Given material:

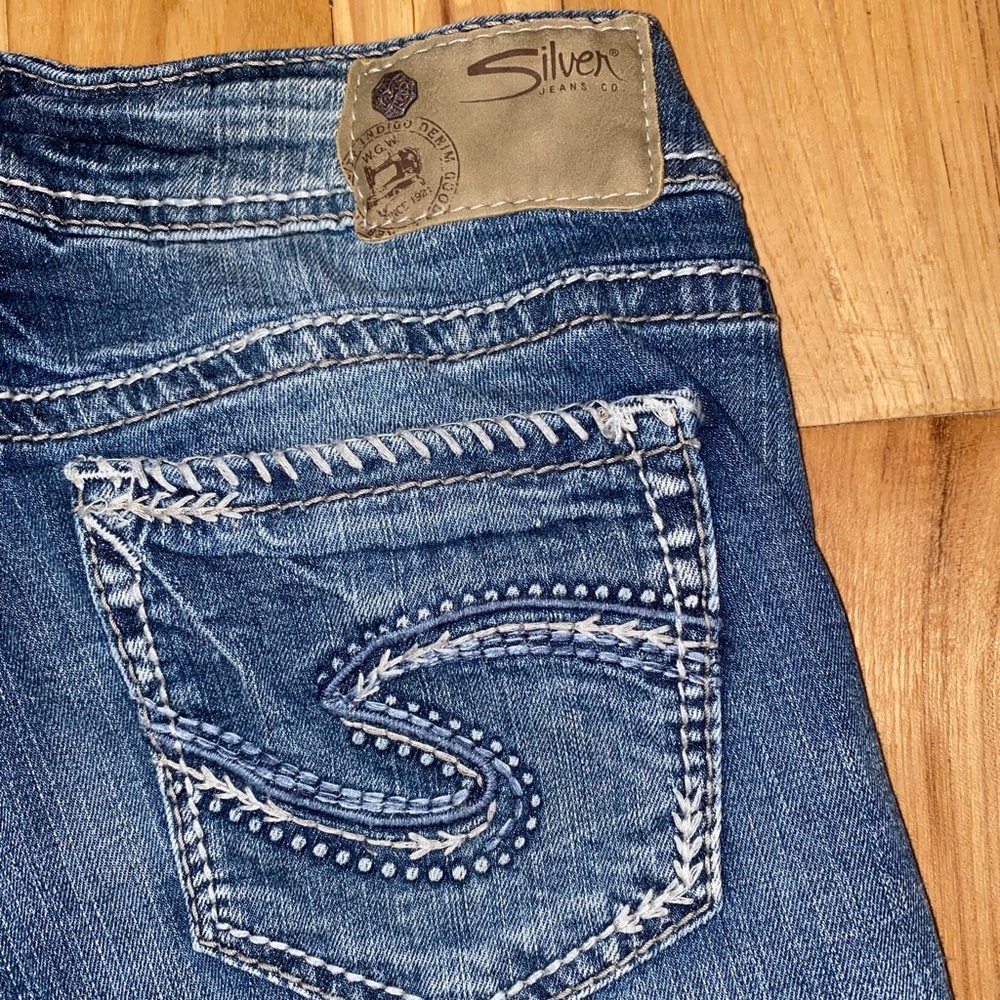 Silver boot cut jeans!!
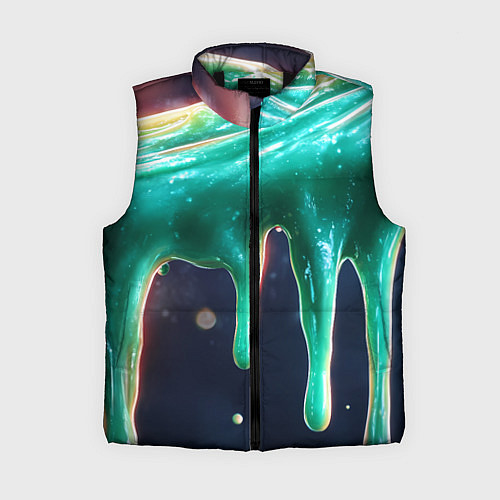 Женский жилет Текстура стекающая зеленая клякса / 3D-Черный – фото 1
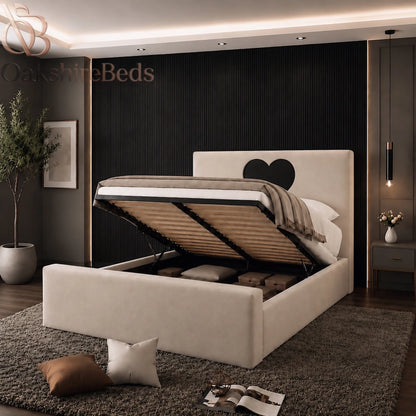 Valencia Bed UK | Luxury Heart Headboard Storage Bed | OakshireBeds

What the task asks: Where images occur in the data above, leave them out and repeat everything else exactly.

Output for this exercise:
 Silver boot cut jeans!!
 Женский жилет Текстура стекающая зеленая клякса / 3D-Черный – фото 1
 Valencia Bed UK | Luxury Heart Headboard Storage Bed | OakshireBeds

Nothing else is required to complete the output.